What you return must match the listing below character for character, minus any pictures.

*Data segment*
* * * *
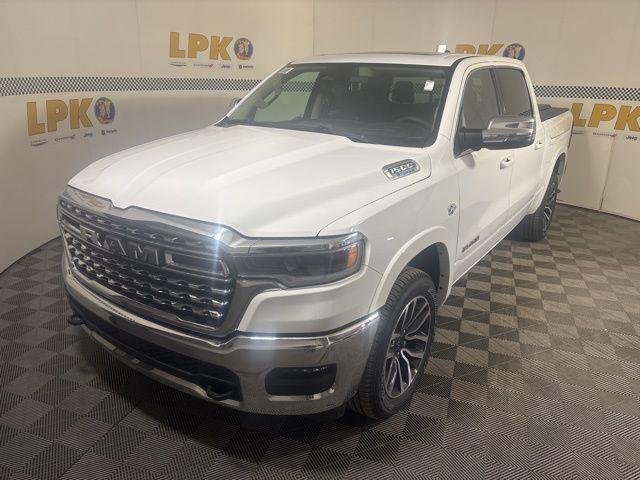 new 2026 Ram 1500 car, priced at $78,190
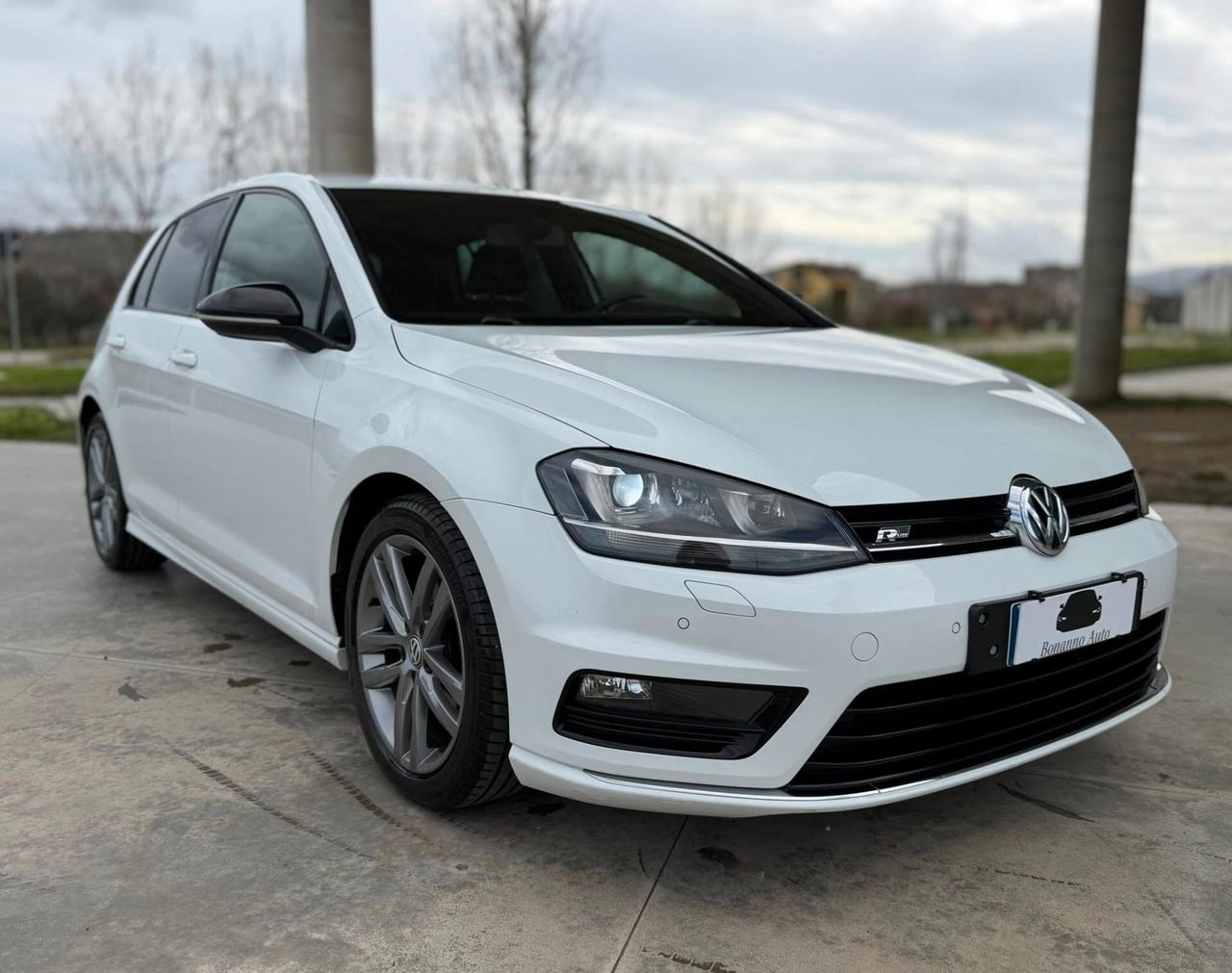 Volkswagen Golf 7 Rline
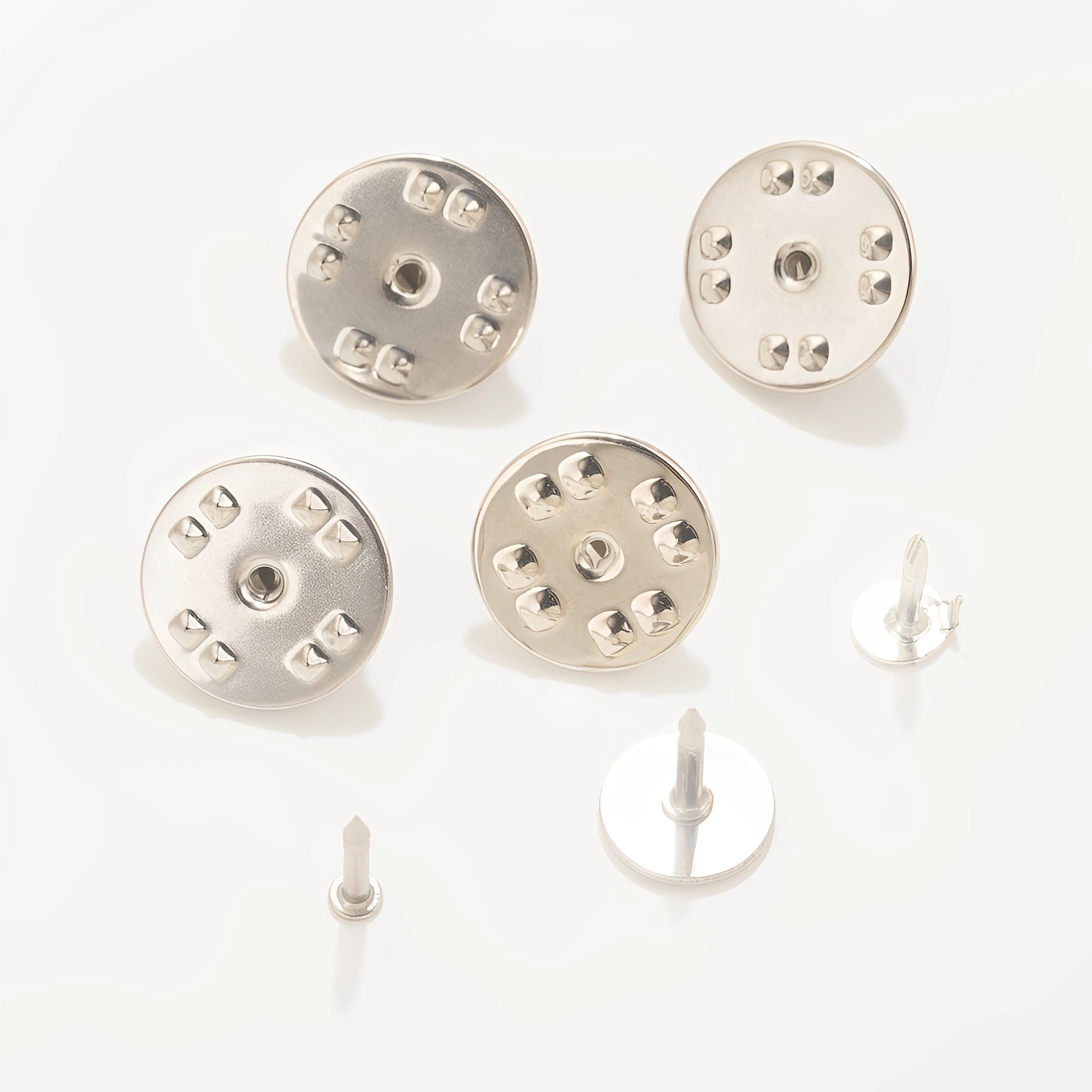 Булавки для галстука из нержавеющей стали 20 шт.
* * * *
*Exercise output*
 new 2026 Ram 1500 car, priced at $78,190
 Volkswagen Golf 7 Rline
 Булавки для галстука из нержавеющей стали 20 шт.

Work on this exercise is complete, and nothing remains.